Emmanuel Macron et Marylise Lebranchu n’auraient fait qu’annoncer quelque chose qui existe déjà? Pas exactement. « On a suffisamment d’outils », a relevé Marylise Lebranchu. Mais des outils que le gouvernement souhaite utiliser plus largement. Emmanuel Macron parle ainsi « d’accroître la part de mérite » dans la rémunération. Un nouveau régime indemnitaire, dit RIFSEEP (régime indemnitaire tenant compte des fonctions, des sujétions, de l’expertise et de l’engagement professionnel), est déjà en cours d’adoption dans la fonction publique d’Etat. Composé notamment d’une prime de fonction et de résultats polémique, il doit remplacer d’ici fin 2016 la plupart des primes et indemnités existantes.

« Notre déroulement de carrière est déjà lié à notre manière de servir », conteste Christophe Couderc. « Ce qui est proposé est tout autre. Puisque le point d’indice, permettant de revaloriser la rémunération liée au grade et à l’ancienneté, est gelé depuis 2010, notre pouvoir d’achat stagne. Le régime indemnitaire devient un salaire accessoire, le seul qui puisse encore évoluer. Mais ça attaque notre statut ». Pour le syndicaliste en effet, la rémunération à partir d’une grille garantit l’impartialité à laquelle le fonctionnaire est tenu dans ses missions de service public.

Des primes qui favoriseraient l’individualisme…

« Les fonctionnaires sont évalués depuis qu’ils existent », soupire Brigitte Jumel, secrétaire général de la CFDT Fonctions publiques. « La valeur professionnelle des agents doit être reconnue. Il y a toujours eu de la modulation avec des primes. La question est de savoir quelle doit en être aujourd’hui la part ». Si le traitement de base du fonctionnaire est lisible grâce à la grille indiciaire, le régime indemnitaire est moins aisément déchiffrable. Il a rarement fait l’objet d’un dialogue social. D’où un risque de gestion trop individualisée des agents, estiment les syndicalistes. Il y a une « dérive de l’indemnitaire », estime ainsi Brigitte Jumel, qui craint que l’individualisation des rémunérations nuise « au travail collectif en direction des usagers ».
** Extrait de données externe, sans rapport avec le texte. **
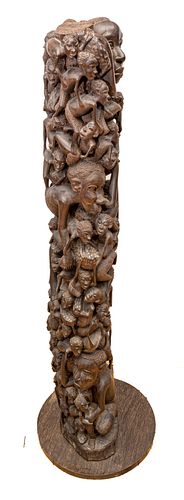 Tanzanian Carved Ujamaa, Stacked Figures H 47'' Dia. 10''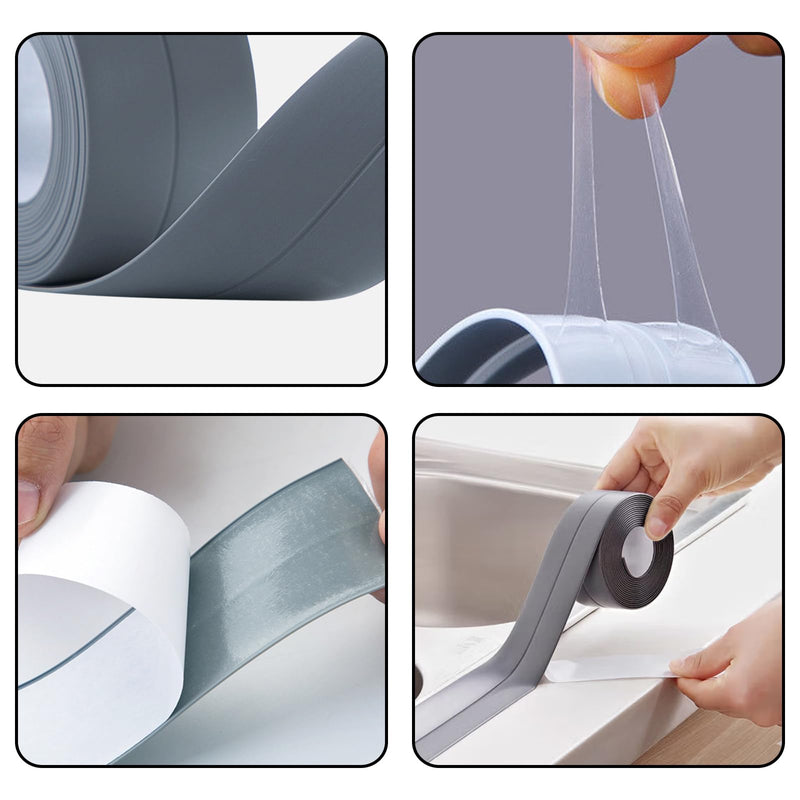 Waterproof Caulk Tape Sealant Strip, 0.87" W x 10.5'L PVC Sealing Tapes for Kitchen Bathroom Bathtub Countertop Toilet Sink (Black) Black 0.87x10.5" 1Pcs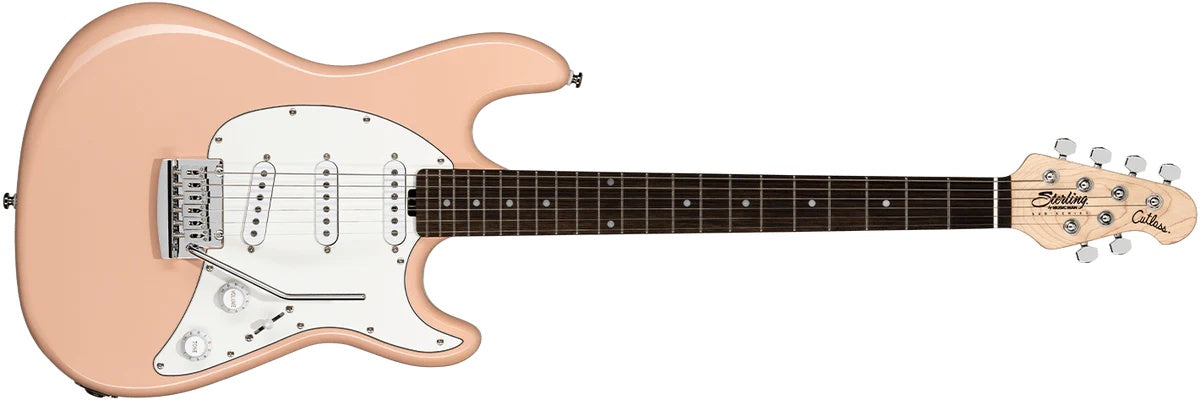 Sterling By Musicman SUB CUTLASS SSS PUEBLO PINK L1, Electric Guitar for sale at Richards Guitars.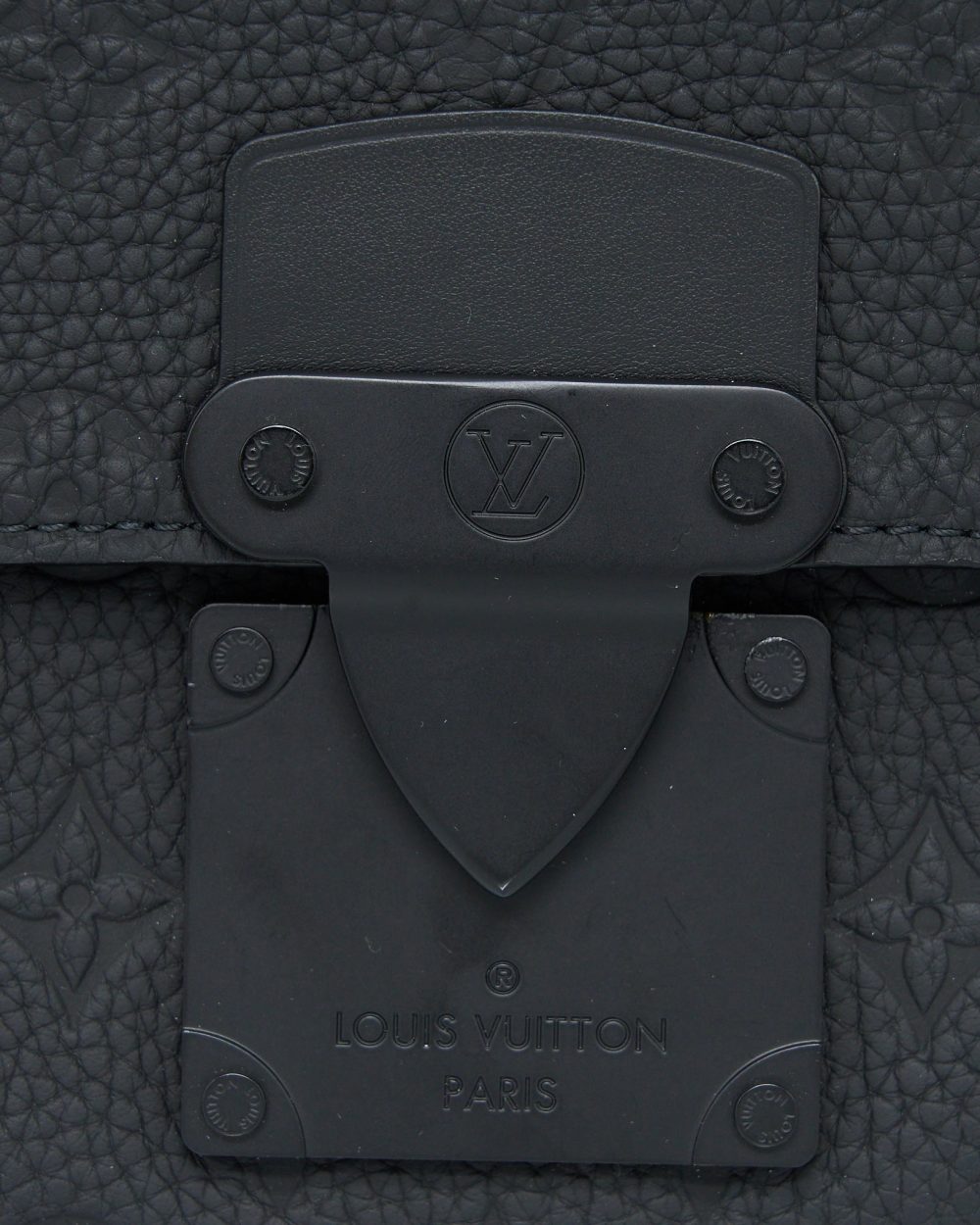 AAA Replica Louis Vuitton LV S LOCK SLINGBAG MONOGRAM-EMBOSSED TAURILLON BLACK BLACK HARDWARE (NEW VERSION)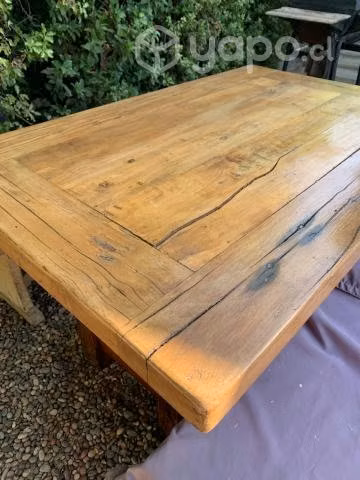 Mesa madera lenga 140x90 con 2 banquetas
Des risques dont Emmanuel Macron semble tout à fait conscient. « La performance, quand on est fonctionnaire, ne se mesure pas forcément comme dans une entreprise », a-t-il remarqué sur Europe1. Sur le statut des fonctionnaires, « les agents ont besoin de savoir où en est le gouvernement », estime pourtant Bernadette Groison, secrétaire générale de la FSU, qui regrette cette « focalisation sur la question du mérite ». Entre le gouvernement et les fonctionnaires, les mots n’ont pas fini de blesser.